Closed C-monC closed 4 years ago

C-monC commented 4 years ago

Hello,

I am using a custom environment in pybullet that resets after 500 simulation steps.

I can go through 75000 simulation steps with PPO2 in about 30 mins but with DDPG it's approximately 150x slower. +-30 mins for 75k steps (PPO2) vs +-30 mins for 5k simulation steps. I am using both with a CnnPolicy.

Is this expected behavior from DDPG and is purely due to lack of multiprocessing?

Miffyli commented 4 years ago

Hard to say from this data alone, but I would go with the "lack of multiprocessing". If your environment is slow (or slow to reset), then PPO with multiple envs is going to be faster to train.

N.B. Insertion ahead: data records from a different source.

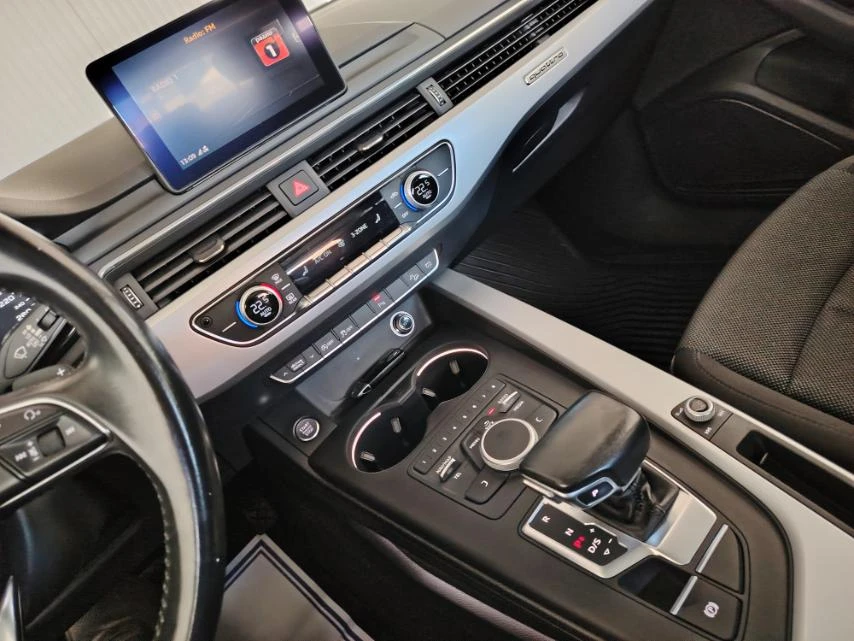 Audi A4 Allroad 2TDI-4x4-DSG-2017г-ПЕРФЕКТЕН!, снимка 10 - Автомобили и джипове - 54597658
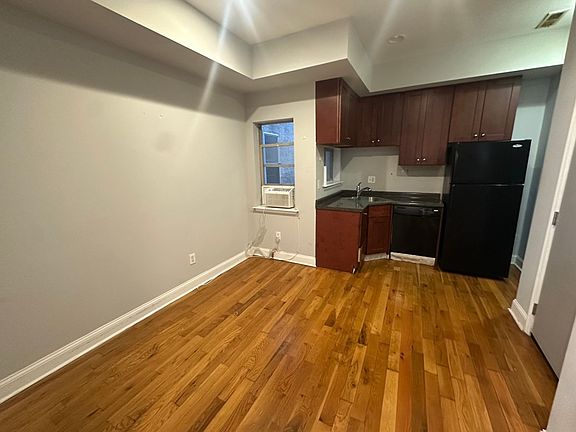 2nd image of 1603 W Diamond St #2F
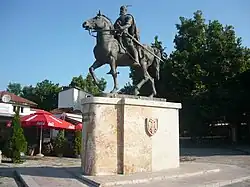 A statue of Skanderbeg in the square with the same name in Skopje (2001)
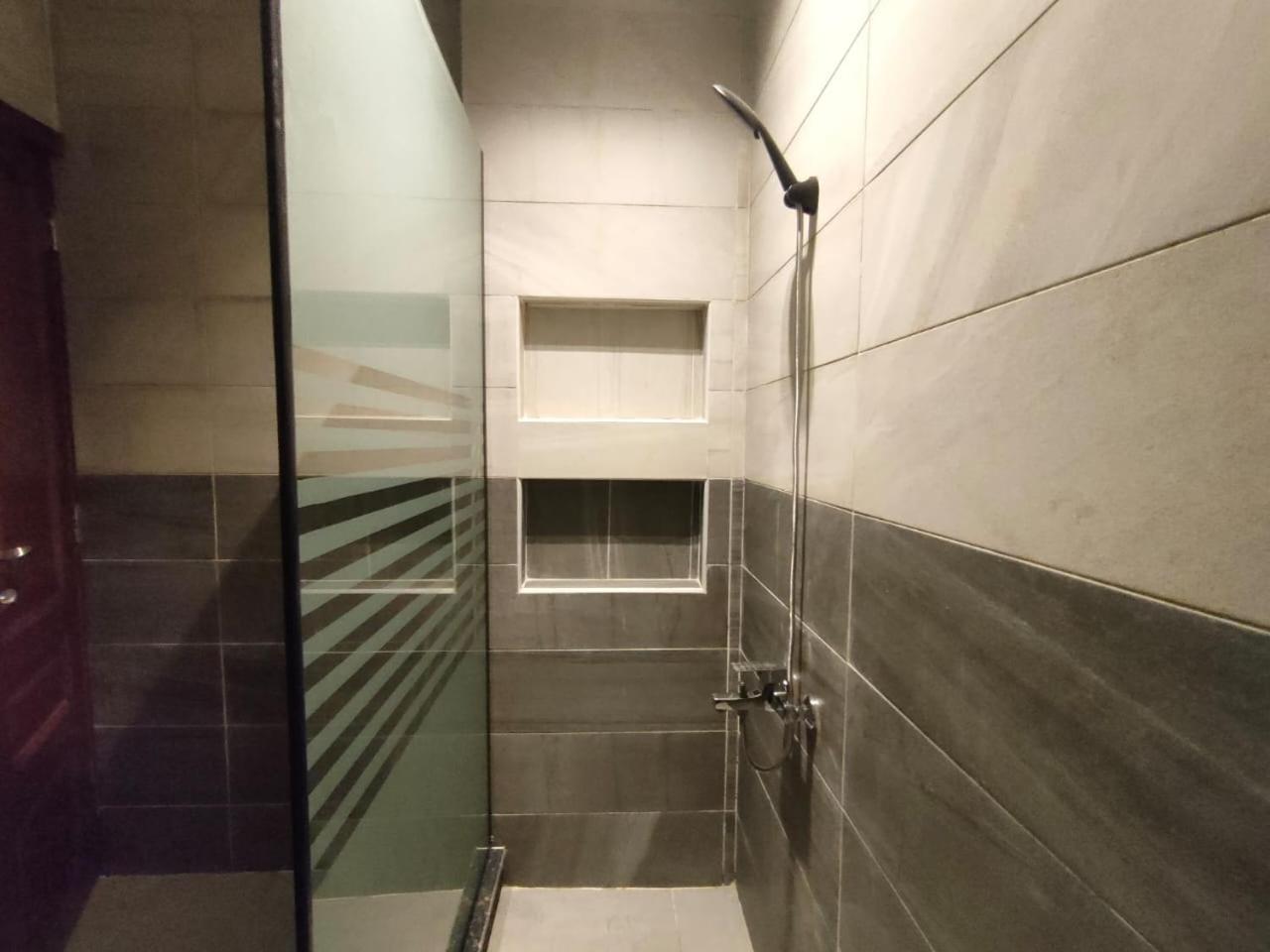Luxurious Downtown House Near Airport And Malls *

As an algorithm DDPG is a bit slower, using replay buffers and all that, but it should not be this much slower.

C-monC commented 4 years ago

Thanks for the quick answer.

I'll do some investigating into environment run/reset times.

I notice a similar slowness (x100) when running SAC. Is PPO2 the only algorithm with multiprocessing?

Miffyli commented 4 years ago

Actually revert that, DDPG is "multi-processed" with MPI (if you can run it, then you have MPI installed).

While big jumps in training time, this is expected to an extent: DDPG and SAC store experiences into a replay buffer and run updates almost every step. This slows down the training speed in terms of steps-per-second, but generally makes agent more sample efficient. I suggest you continue training with DDPG/SAC as it is, and see how the agents improve, rather than steps-per-second. Sorry for the confusion.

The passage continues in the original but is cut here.